There seems to be some misunderstanding of what I'm talking about, so I'll explain one example of how I approached it.

_Kids These Days_ is, essentially, a story about everything I hate about the Facebook generation. My hope is to publish it in such a way that a): a few copies of it wind up in the hot little hands of members of the Facebook generation, and b): they read it all the way to the end. To that end, I made it a story about magic! and werewolves! and superheroes! and action! (I wasn't any more or less interested in writing such a story than in writing a story about someone spending her time on Facebook--they're both valid approaches to me.) Also to that end, nothing in the story beyond the title directly references my message--it's there if you want to look for it, and you don't have to dig very far, but you can just as easily read it as an adventure story.


----------



## Roc (Feb 3, 2013)

Feo Takahari said:


> There seems to be some misunderstanding of what I'm talking about, so I'll explain one example of how I approached it.
> 
> _Kids These Days_ is, essentially, a story about everything I hate about the Facebook generation. My hope is to publish it in such a way that a): a few copies of it wind up in the hot little hands of members of the Facebook generation, and b): they read it all the way to the end. To that end, I made it a story about magic! and werewolves! and superheroes! and action! (I wasn't any more or less interested in writing such a story than in writing a story about someone spending her time on Facebook--they're both valid approaches to me.) Also to that end, nothing in the story beyond the title directly references my message--it's there if you want to look for it, and you don't have to dig very far, but you can just as easily read it as an adventure story.



As long as it's something you're passionate about and enjoy the writing of it.

Honestly, about your OP, you should write what you want to write about, not cater to the readers, because if you're aiming to write the next big thing, then you should know that the most famous books are ones that the writers wrote for themselves.

That probably isn't 100% true, but most of the time it is.


----------



## Penpilot (Feb 3, 2013)

Hey Feo. Interesting view on this. I think what you're talking about is quite similar to a Grim's Fairytale. Take _Little Red Riding Hood_, you can read it as a simple adventure tale OR as a lesson about the dangers of meeting strangers.

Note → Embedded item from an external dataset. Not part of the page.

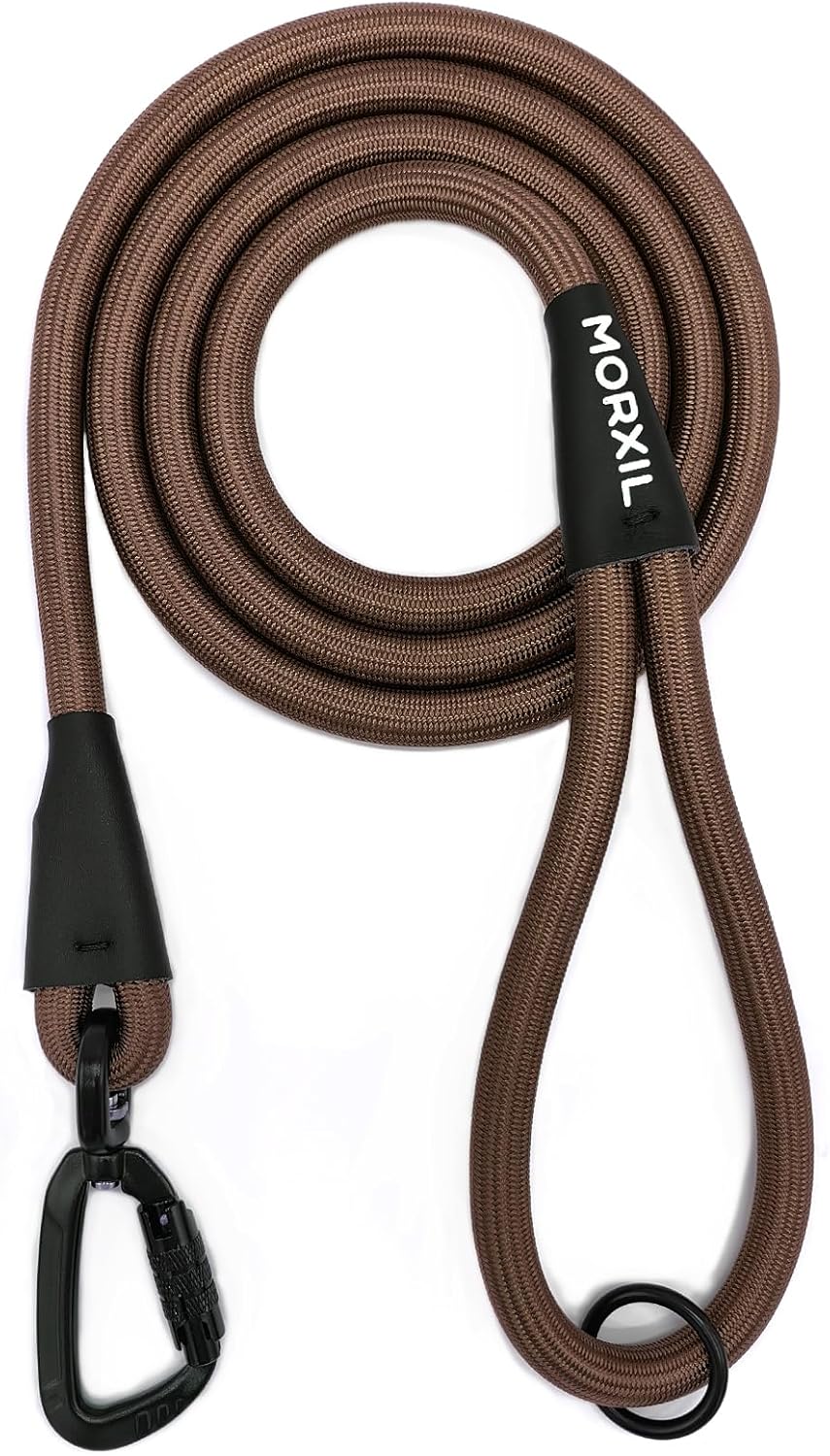 Rope Dog Leash, 4 ft Heavy Duty Dog Leash with Aviation Aluminum Auto Locking Carabiner, Strong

Lots of stories use allegory to speak on certain subjects and express and show the ideas dealing with that subject in the story being told. 

I read this book called Disgrace by JM Coetzee that's about a post-apartheid South Africa. The author expressed his views on race relations in South Africa by having each of his characters represent a certain faction. How each of those characters acted towards another was a refection of a larger whole. The complications of the character's attitudes and their relationships expressed the complicated relationships in South Africa as a country.

It took me a while to realize what the book was about because it didn't preach. So, when I first read it, I took it at face value.

A lot of authors take this approach because it allows them to tackle a complex subject by shrinking it down into something digestible or palatable . 

Old Star Trek episodes were known for allegory. Do you remember the one where Kirk met the aliens who's faces were half white and half black? One judged the other as inferior because their face was black on the left and white on the right instead of the other way around. It completely encapsulated the silly idea that someone was superior just because of their race, but it was also just a cool story.

http://en.memory-alpha.org/wiki/Let_That_Be_Your_Last_Battlefield_(episode)


----------



## SeverinR (Feb 5, 2013)

Why follow in step with what people want?
Skirt what they want and lead them astray, away from the valley of future cliche, or duplicating machine of stories.
To an area they could never imagine.

You have to connect with the reader, then you can lead them down the road, following your pipers fife into the land of your creation.
ie you have to be close enough to what they want, that they notice you, but they want you to thrill them like no one else has.